Short text fragments from websites:

============

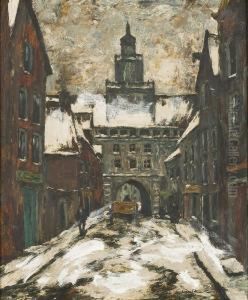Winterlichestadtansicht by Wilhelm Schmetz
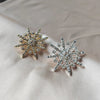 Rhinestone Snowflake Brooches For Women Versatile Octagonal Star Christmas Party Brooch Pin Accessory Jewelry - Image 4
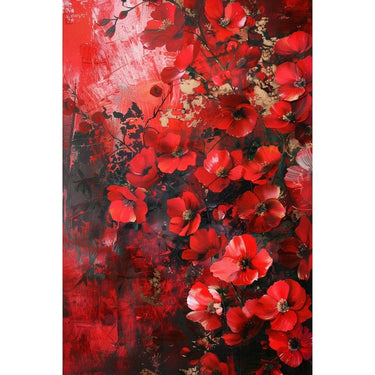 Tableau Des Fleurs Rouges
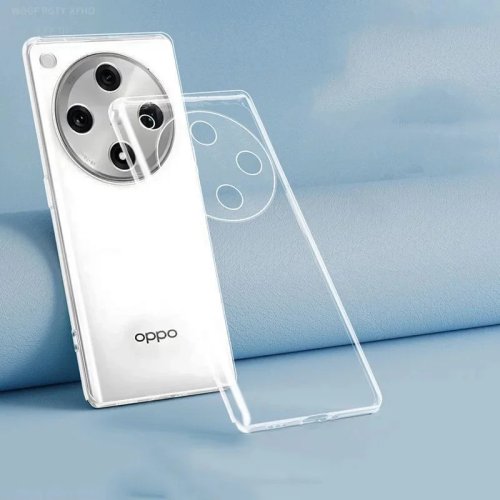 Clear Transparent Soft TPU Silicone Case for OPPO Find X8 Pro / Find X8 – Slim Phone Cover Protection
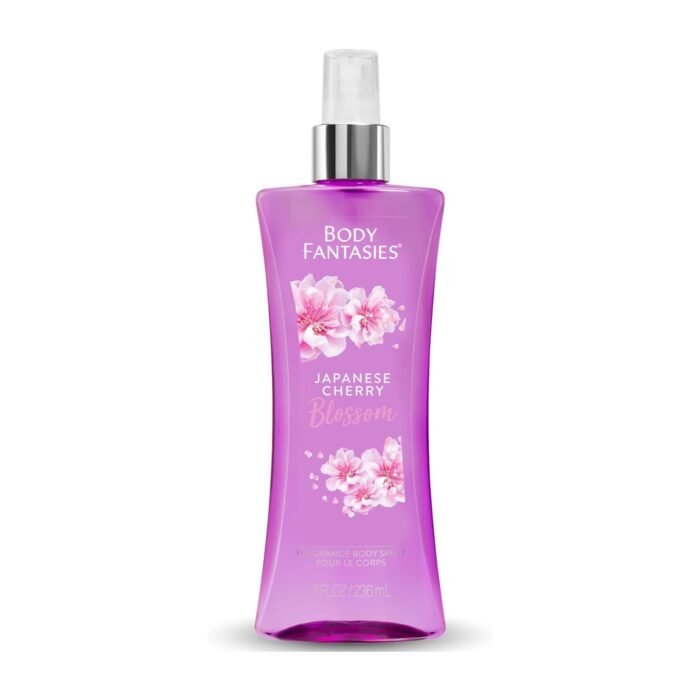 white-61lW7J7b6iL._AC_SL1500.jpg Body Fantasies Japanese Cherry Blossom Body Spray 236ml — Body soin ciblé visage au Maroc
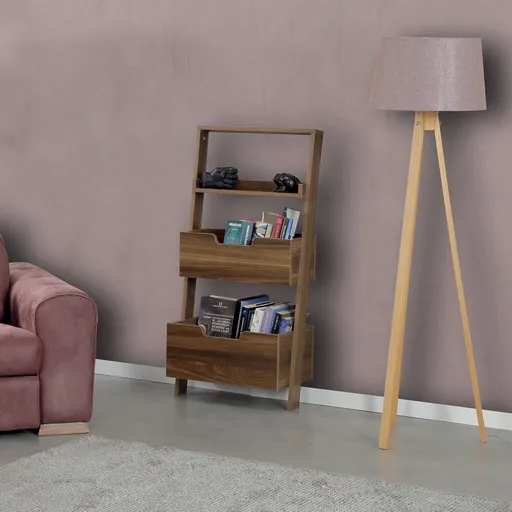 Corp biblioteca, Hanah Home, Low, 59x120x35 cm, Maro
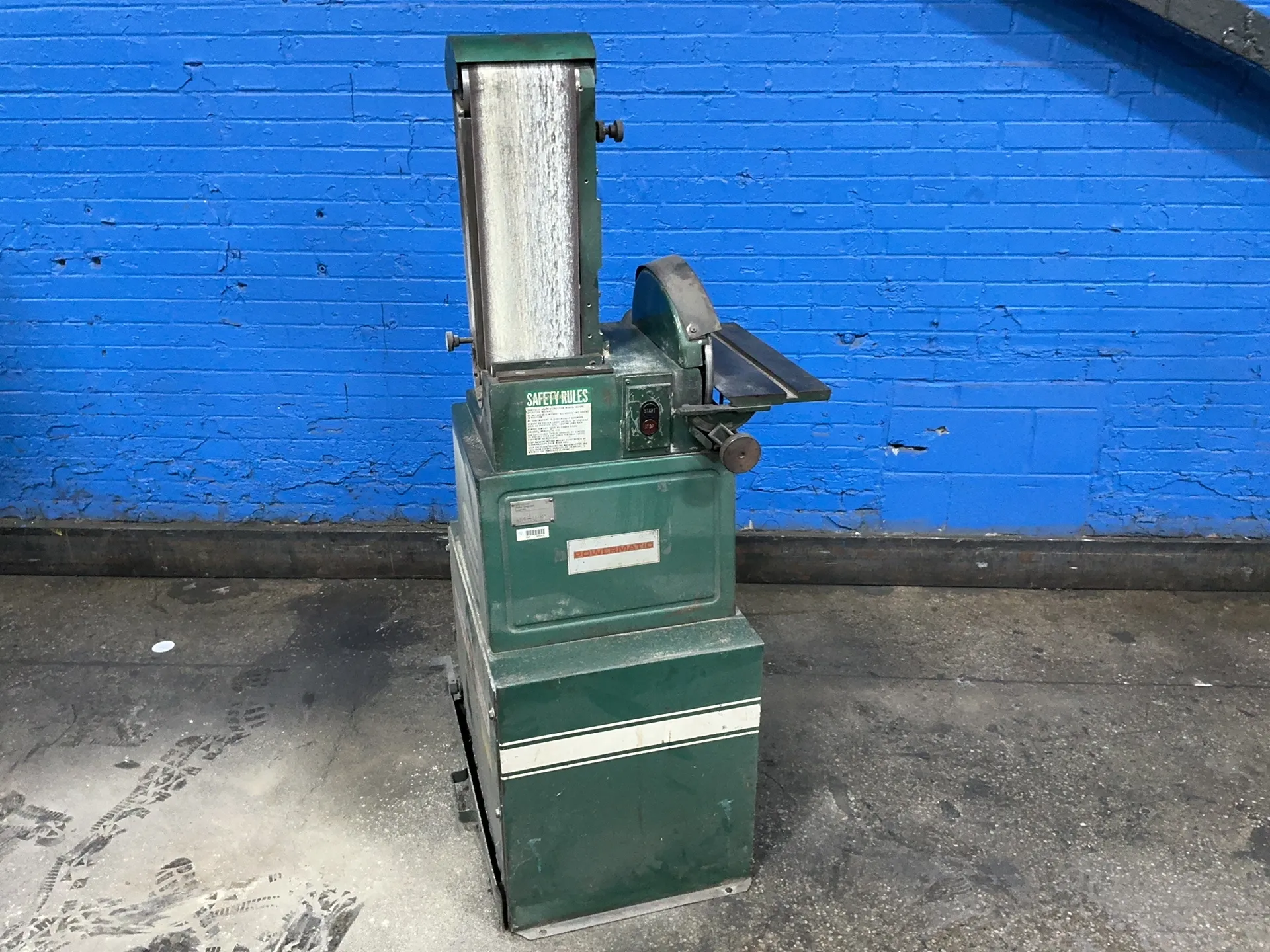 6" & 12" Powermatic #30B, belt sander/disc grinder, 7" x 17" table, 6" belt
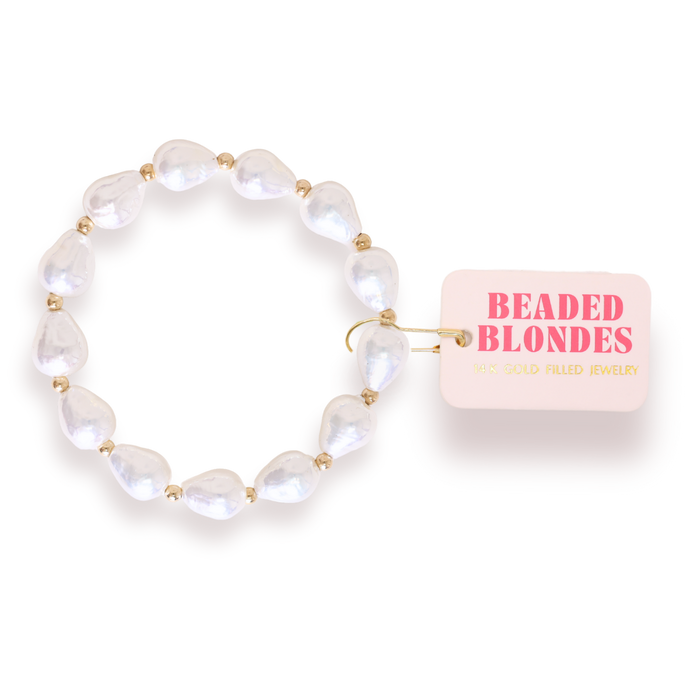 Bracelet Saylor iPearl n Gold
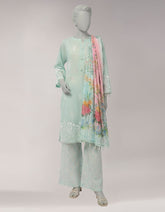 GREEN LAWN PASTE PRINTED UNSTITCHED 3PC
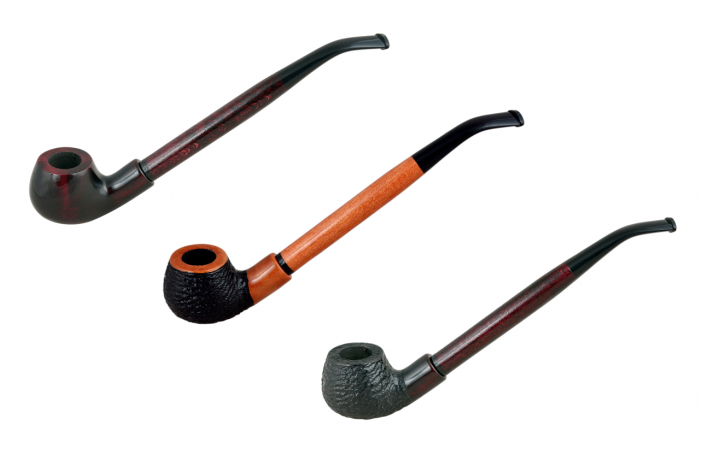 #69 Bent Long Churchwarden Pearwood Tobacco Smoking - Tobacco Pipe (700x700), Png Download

============

Give back exactly the lines above that run from the one with "Rhinestone Snowflake Brooches" to the one with "white-61lW7J7b6iL._AC_SL1500.jpg Body Fantasies", including both, with the pictures left out.

 Rhinestone Snowflake Brooches For Women Versatile Octagonal Star Christmas Party Brooch Pin Accessory Jewelry - Image 4
 Tableau Des Fleurs Rouges
 Clear Transparent Soft TPU Silicone Case for OPPO Find X8 Pro / Find X8 – Slim Phone Cover Protection
 white-61lW7J7b6iL._AC_SL1500.jpg Body Fantasies Japanese Cherry Blossom Body Spray 236ml — Body soin ciblé visage au Maroc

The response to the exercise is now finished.